Second generation instruments
The next common-user instrument that is being built for the GTC is EMIR, a multi-object spectrograph and imager for the near infrared. With its cryogenic configurable slit unit and medium spectral resolution this instrument is expected to become one of the work-horse instruments. EMIR is being developed by a consortium led by the IAC and will arrive at the telescope in early 2016 for its on-sky commissioning.
FRIDA is another instrument for GTC that is being developed. FRIDA, will make use of the GTC Adaptive Optics system, being able to take pictures in broad-band and narrow-band filters, as well as facilitate integral-field spectroscopy in the spectral range of 0.9 - 2.5 μm. FRIDA is a project led by the Instituto de Astronomía de la Universidad Nacional Autónoma de México (UNAM) in partnership with the Instituto de Astrofísica de Canarias (IAC), the University of Florida (UF), and the Universidad Complutense de Madrid (UCM). The instrument is in its phase of construction and is scheduled to arrive at the telescope in 2018.
Next generation instruments
Development of instrumentation is a long process and hence for its planning one must look several years into the future.
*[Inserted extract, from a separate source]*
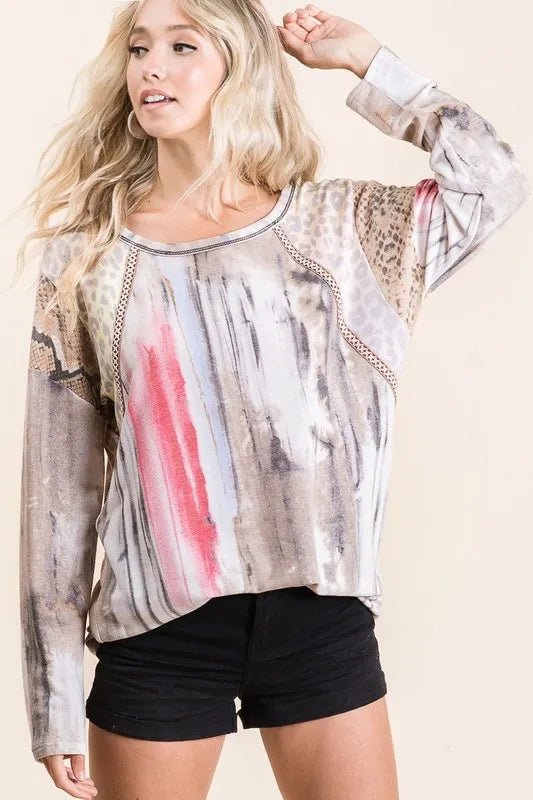 BiBi Tie Dye Knit Top with Print Block Shoulder – Taupe/Vintage Red - Cashmere Daisy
In order to help define the progression needed to keep GTC scientifically competitive throughout the decade ahead of the year 2008, an independent panel was tasked with analyzing GTC´s future instrumentation needs. Recommendations provided by this work panel can be found here.
Based on the outcome of this study, it was decided to proceed with the development of two medium-dispersion spectrographs, one in the visible range and another in the near infrared, to be implemented in the telescope around the middle of the next decade (2015/2016).
After a competitive process, in late 2010 the MEGARA and
Currently MEGARA has successfully completed the review of its final design and is progressing at full steam its construction phase. Current schedule shows the installation of MEGARA in the GTC by March 2017.
MIRADAS has successfully completed the review of its preliminary design and is nearly to complete its final design. Its construction phase will be initiated after the successful review of its final design. Current schedule shows the installation of MIRADAS in the GTC at mid-2019.